Timothy L. Morse, Ph.D., P.E.
Robert W. Whittlesey, Ph.D., CFEI
Presented at International Symposium on Fire Investigation, 2014
Wind turbines and wind farms have become increasingly widespread in the United States. Due to the combination of potential ignition sources (electrical failure, overheating of rotating components, lightning strikes) and multiple fuel loads (fiberglass, bearing grease, gearbox oil, hydraulic oil) wind turbine fires are a regular occurrence. Since wind turbine fires often occur in the nacelle, which can be 200 feet or more above the ground, firefighting options are limited. Wind turbine firefighting efforts are usually directed at preventing the spread of the fire to adjacent land or structures, such as by falling flaming debris, rather than extinguishing the fire. As a result, wind turbine fires often burn until the fuel uptower is exhausted and the fire self-extinguishes. This can present a challenge to a fire origin investigation. Many fire patterns that are observed in a nacelle can provide misleading or conflicting information as they may indicate a fuel load or a source of ventilation, rather than the fire origin. Therefore, attempting to use fire patterns alone to identify the origin is often unsuccessful.

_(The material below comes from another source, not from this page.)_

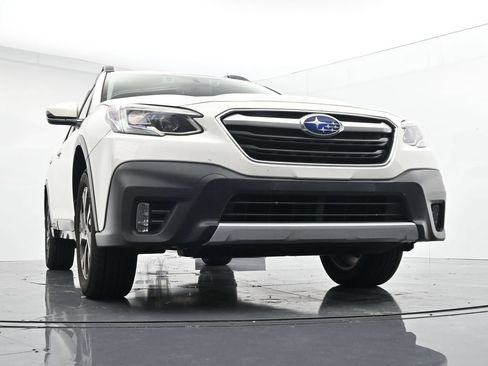 Used 2022 Subaru Outback Limited w/ Popular Package #2 AWD/4WD image 30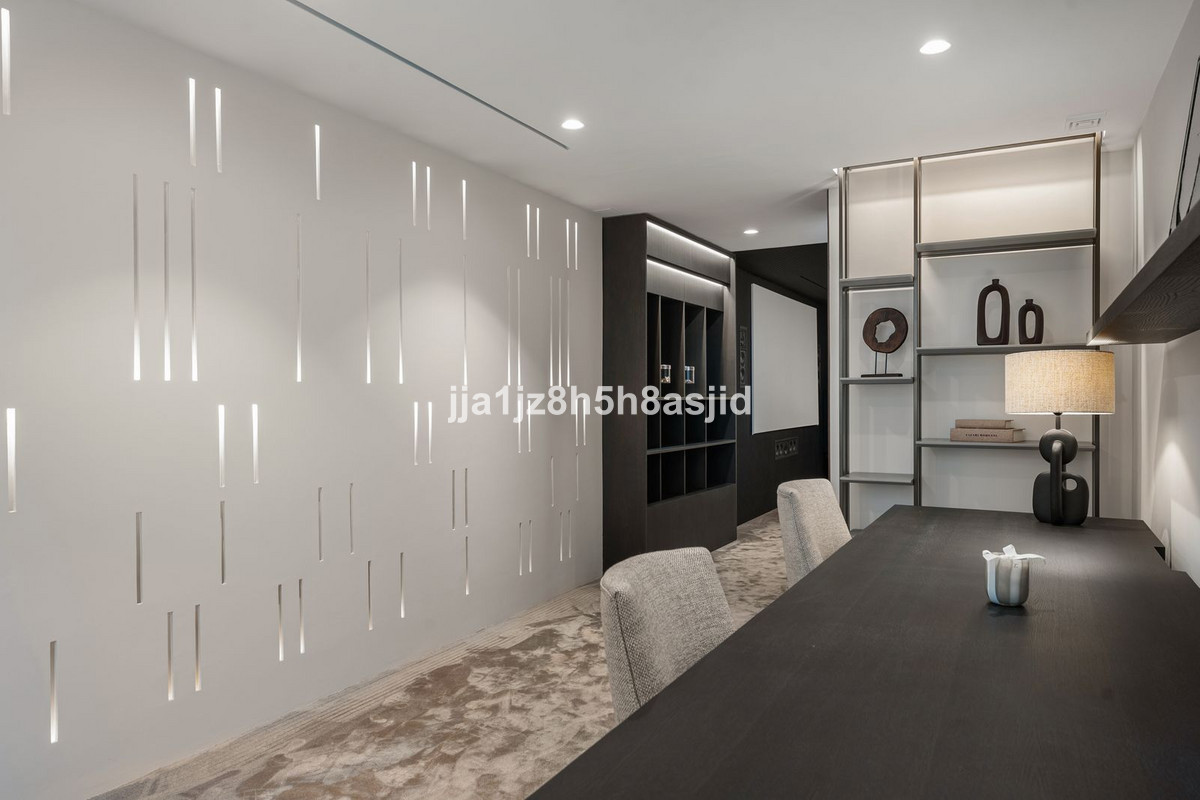 4 Bed Townhouse for sale in The Golden Mile Costa Del Sol, Málaga, Spain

A wind turbine fire origin investigation can be greatly assisted by the large amount of data that is recorded regarding the operation of a wind turbine. Wind turbines are heavily instrumented, with sensors throughout the turbine. Position sensors monitor the blade pitch position, the nacelle yaw position, and the rotational speed of the high speed and low speed shafts. Temperature sensors monitor the gearbox oil temperature, the hydraulic oil temperature, and the brake temperature (as well as other temperatures). The performance of the electrical systems (generator, transformer, inverter) are carefully monitored. Wind turbines also often have vibration sensors in various locations. The data from these sensors are used to control the operation of the turbine through the supervisory control and data acquisition (SCADA) system. This system logs the states of all these sensors as often as once every second and records any alarm states.
A detailed review of this logged data can provide essential guidance to the wind turbine fire investigator. The logged data can indicate which systems or components are having problems prior to the fire, identify any rapid changes in operational state proximate to the time of the fire, or show which systems or components are still functional during the fire and when they lose functionality. A full understanding of the location of the different sensors, and where their communication lines run may also provide indications of the direction of fire spread. Any fire origin that is considered must be consistent with the timing and nature of the SCADA data and SCADA alarms.